Service Communautaire d'Information sur la Recherche et le Développement - CORDIS

Seamounts and fisheries - Conservation and sustainable use - First OASIS Stakeholder workshop, Horta, Azores, 1 2 April 2004

This report mirrors the presentations and discussions which took place during the first OASIS stakeholder workshop, April 1-2, 2004 in Horta, Faial, Azores.

OASIS (Oceanic Seamounts: An Integrated Study) is a EU-funded integrated seamount research project (2002-2005) aiming to describe the functional interaction of all seamount ecosystem compartments, except for the highly migratory visitors. OASIS also wants to improve knowledge, which is required for taking management decisions. The research focuses on two model seamounts of different summit depth, topography and fishing pressure, the Sedlo seamount 100 nm north of the Azores and the Seine seamount 100 nm northeast of Madeira.

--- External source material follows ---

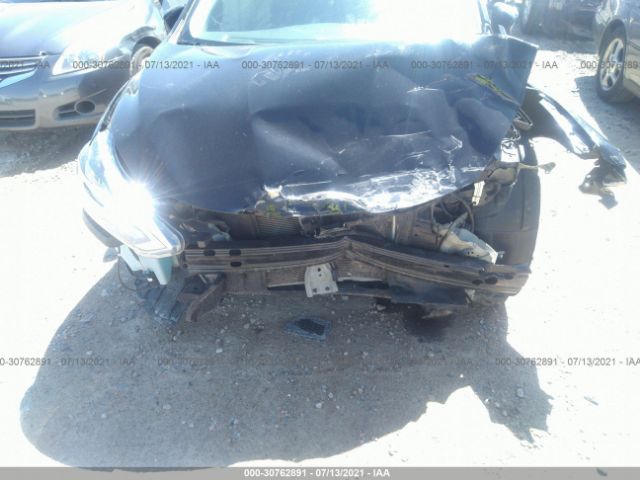 Photo 5 VIN: 3N1AB7AP0HL683354 - NISSAN SENTRA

The results from these in-depth studies shall be generalized as far as possible, driving conceptual and numerical models for enabling the extrapolation to less well studied areas. As a first step with regard to conservation, a more generic management plan for a seamount conservation area was developed, the ‘Offshore MPA toolbox’. In a second step, a model site-specific management plan will be developed for the Sedlo seamount, which will be presented to all stakeholders for discussion in fall 2005.

Ultimately, more general conclusions on seamount management shall be drawn.
The workshop was attended by some 40 regional, national and foreign participants from fisheries, government, advisory, NGOs and science. The first day of the workshop was an integral part of the annual Azores Fisheries Week, a major international meeting involving scientists, economists, politicians, lawyers, fishermen and fisheries representatives.

The presentations
- Introduced the OASIS project (Ana Martins, University of the Azores, DOP),
- Reviewed the knowledge on seamounts and seamount ecology in the North East Atlantic (Susan Gubbay, Consultant),
- Gave a scientific perspective on global and regional seamount fisheries (Telmo Morato, Gui Menezes, University of the Azores, DOP),
- Shed light on the ecological relationship between seamounts and visiting turtles (Thomas Dellinger, University of Madeira),
- Described the process of MPA designation on the example of Bowie Seamount (Kevin Conley, Fisheries and Oceans Canada),
- And reviewed past, present and future marine conservation scientific efforts in the Azores (Ricardo Serrão Santos, University of the Azores, DOP).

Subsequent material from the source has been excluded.